We report the case of a 3-year-old boy followed for a WAS. His maternal cousin received HSCT for the same disease from MSD. He presented repetitive hemorrhagic syndrome with thrombocytopenia, eczema, autoimmune anemia, and locoregional becegitis. The detection of a WASp gene mutation confirmed the diagnosis. He has no MSD, so haplo-identical HSCT was performed from his mother.

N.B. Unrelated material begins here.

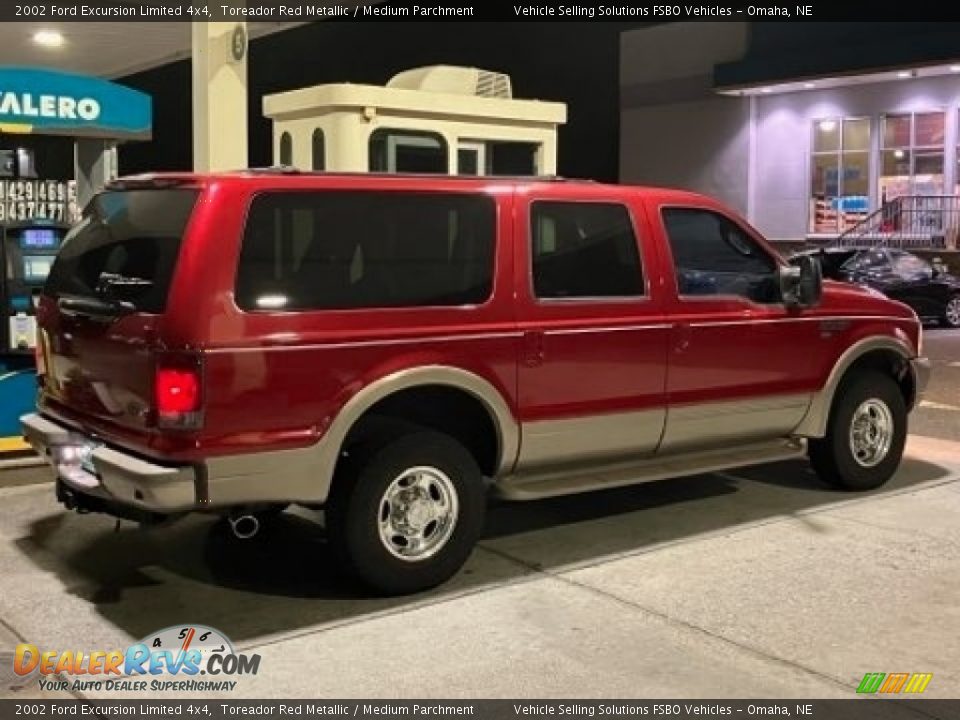 2002 Ford Excursion Limited 4x4 Toreador Red Metallic / Medium Parchment Photo #9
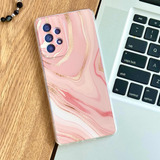 Funda Tpu Mármol Rosa Dorado Para Samsung Galaxy A53 5g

Pre-transplant conditioning regimen included thymoglobulin, Busilvex, and Fludarabine. He received PT-Cy (day 3 and 4), in addition to Cyclosporine and Mycophenolate Mofetil. Graft CD34 were 3.75 106/kg. Neutrophile engraftment was achieved at day 20 post-HSCT. Chimerism showed donor cells at day 30. At day 30, he presented a severe cutaneous and digestive GVHD confirmed by biopsies. No sufficient improvement was noted after three first-line immunosuppressors. Cutaneous and digestive remission was obtained after treatment with rabbit thyroglobulin. CMV reactivation responsive to preemptive treatment occurred at day 45. Four months after HSCT, He is alive, infection free, no GVHD sign, but immune reconstitution is not yet achieved.
Haploidentical HSCT with PT-Cy is a new therapeutic alternative in WAS patients who do not have a MSD. However viral infections and GVHD could delay immune reconstitution and make management difficult.